Marilyn Levinson said...

Beth,
What a wonderful post! I feel uncomfortable about being my own publicist for my books. I published years ago when authors wrote, spoke to groups, etc. but didn't have the burden of selling one's books to the public.

Eloise Hill said...

Beth, I love that this came to you while you were exercising! I recently accepted a request to teach a six-week course on a rather dense subject, at the same time my first book is debuting, and in addition to my regular work. It has made me stretch my limits and now I have to get really good at organizing each day: always useful for a writer:)

Susan said...

Inspiring! Love the idea of posting writing progress publicly. I am about to let relatives read my first mystery before I look for an agent. I'm okay with them reading it...it's hearing what they think that scares me! Now I'm going to look at the discomfort more positively. Thanks!

Carolee said...

Doing something uncomfortable? How about leaving public comments on the Net? I have this thing about privacy which doesn't really exist any more. For a government job answering calls at a call center, I had to have fingerprints taken, one of those iris scans, face recognition--all to answer a telephone?

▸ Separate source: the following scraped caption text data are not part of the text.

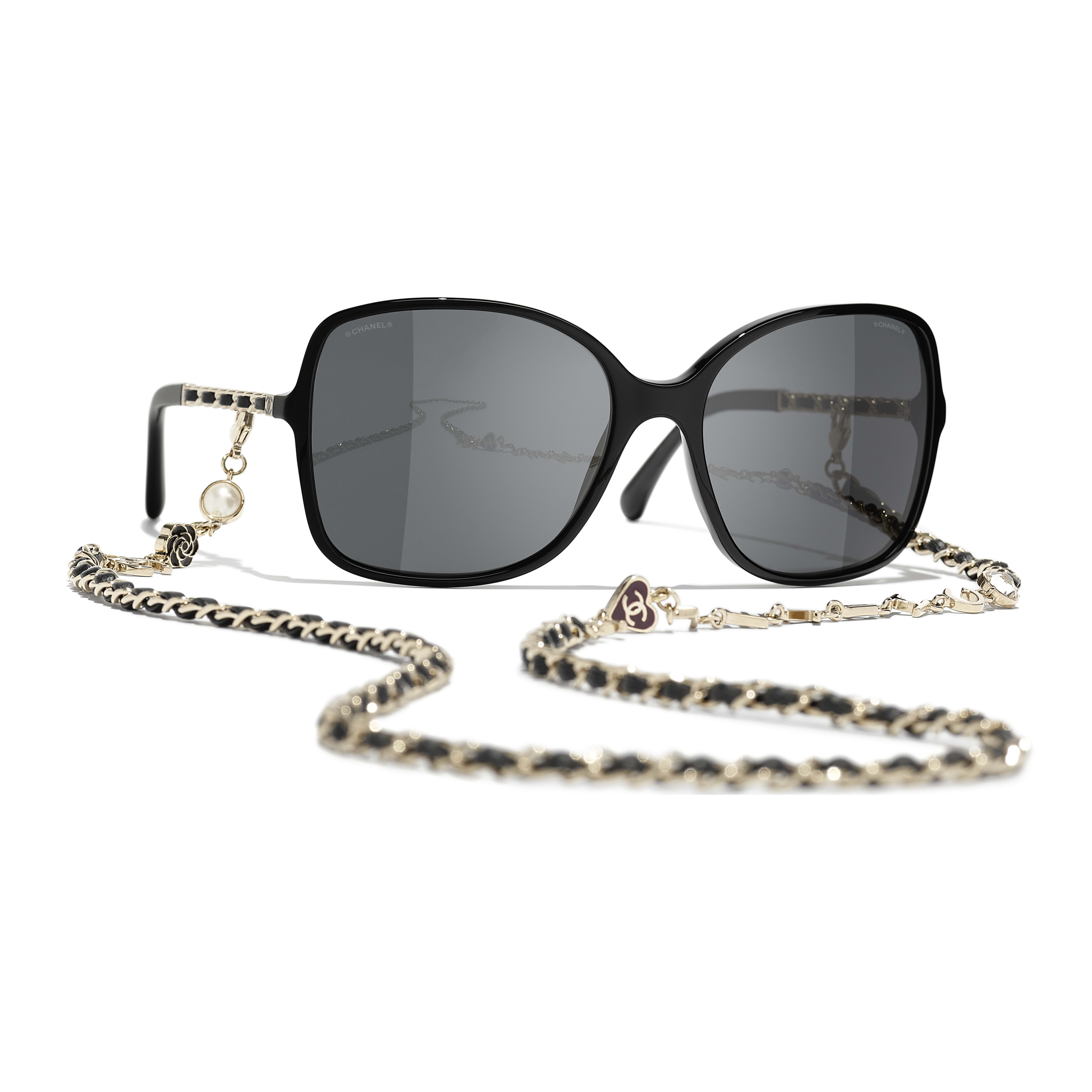 Sunglasses: Square Sunglasses, acetate, metal & calfskin — Fashion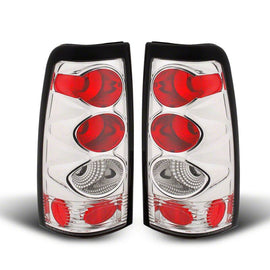 Raxiom 99-02 Chevrolet Silverado 1500 Fleetside Axial Series Tail Lights- Chrome - Red/Clear Lens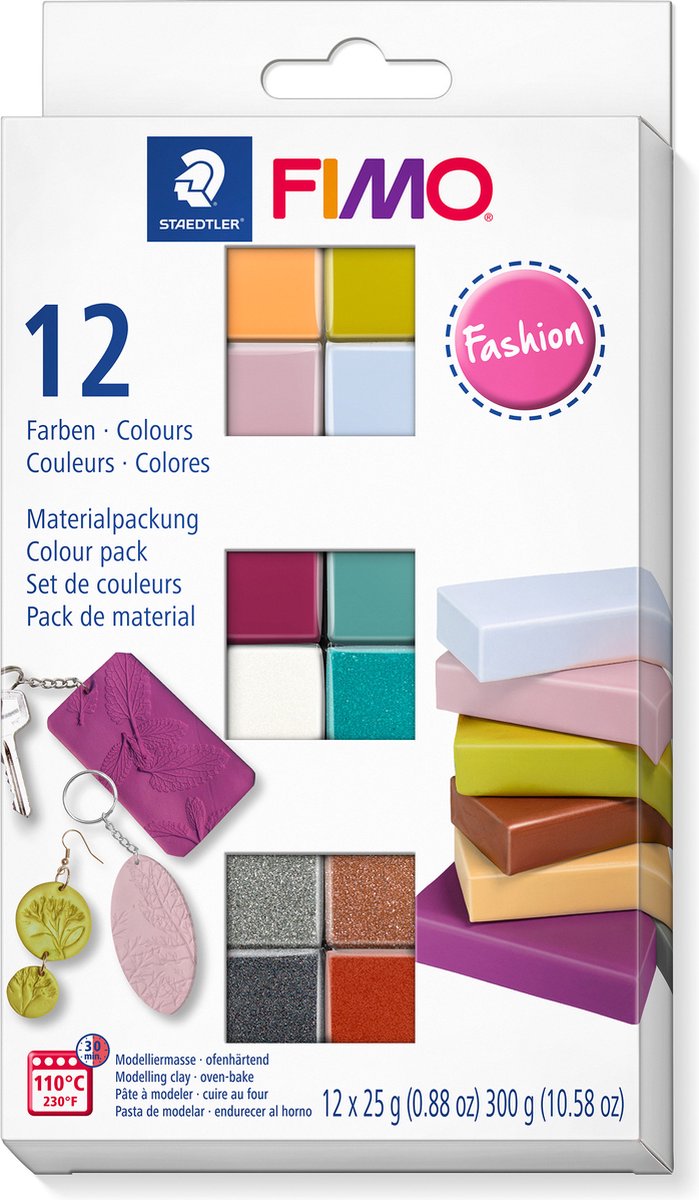Fimo soft - ovenhardende boetseerklei - colour pack - 12 fashion kleuren
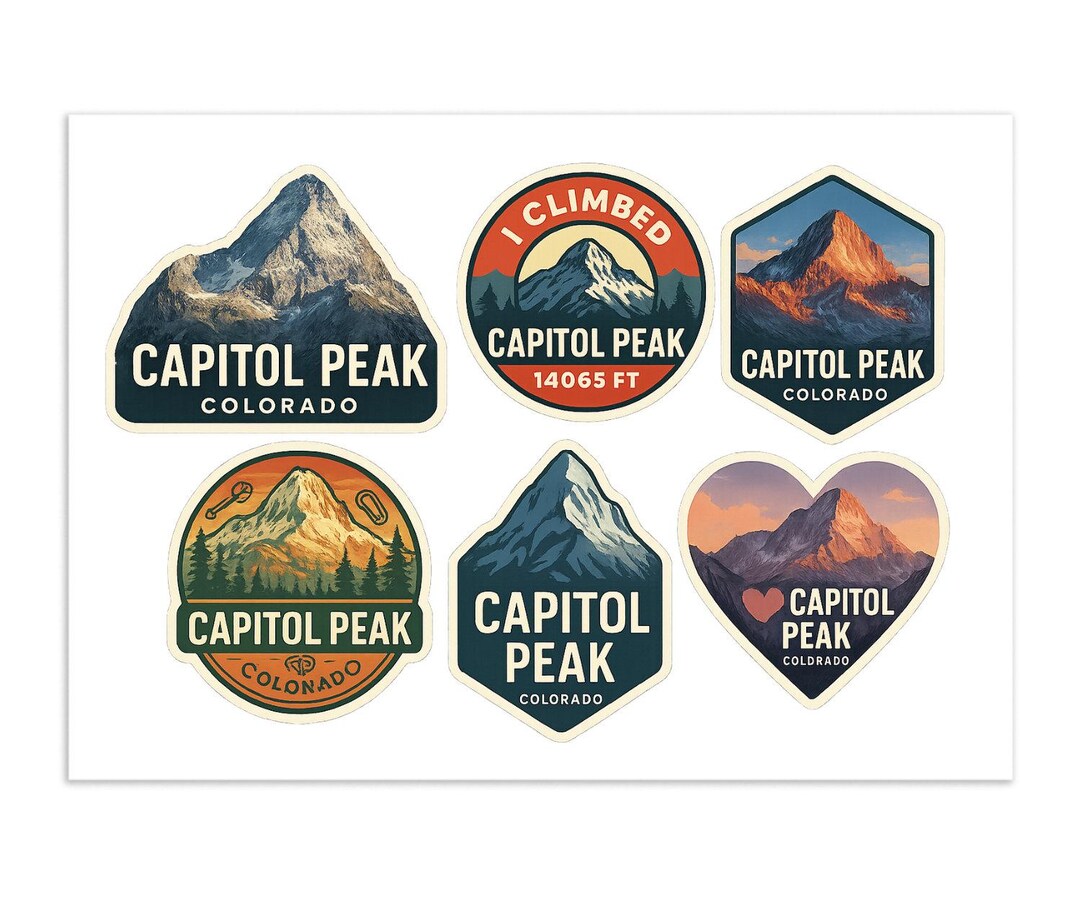 Capitol Peak Colorado Sticker Sheet - 6 Summit Climbing Vinyl Stickers ...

Right now, Beth, I'm trying to work up the courage to set up a blog/web site. Part of it is just putting myself out there. The other part is it's another computer thing! Spending hours on the phone over various computer problems over the years does not fill me with joy about taking on something like web sites/blogging when I have (very) little knowledge. This is confronting the uncomfortable for today. Whew!

Bob Sanchez said...

I edit the Internet Review of Books, and a friend asked if I could have her novel reviewed. I said sure, but someone else would have to do it, and there was no guarantee of a positive review.

When the review came back it was quite negative, and it pained me to run it, but I did. That's really something to avoid, though.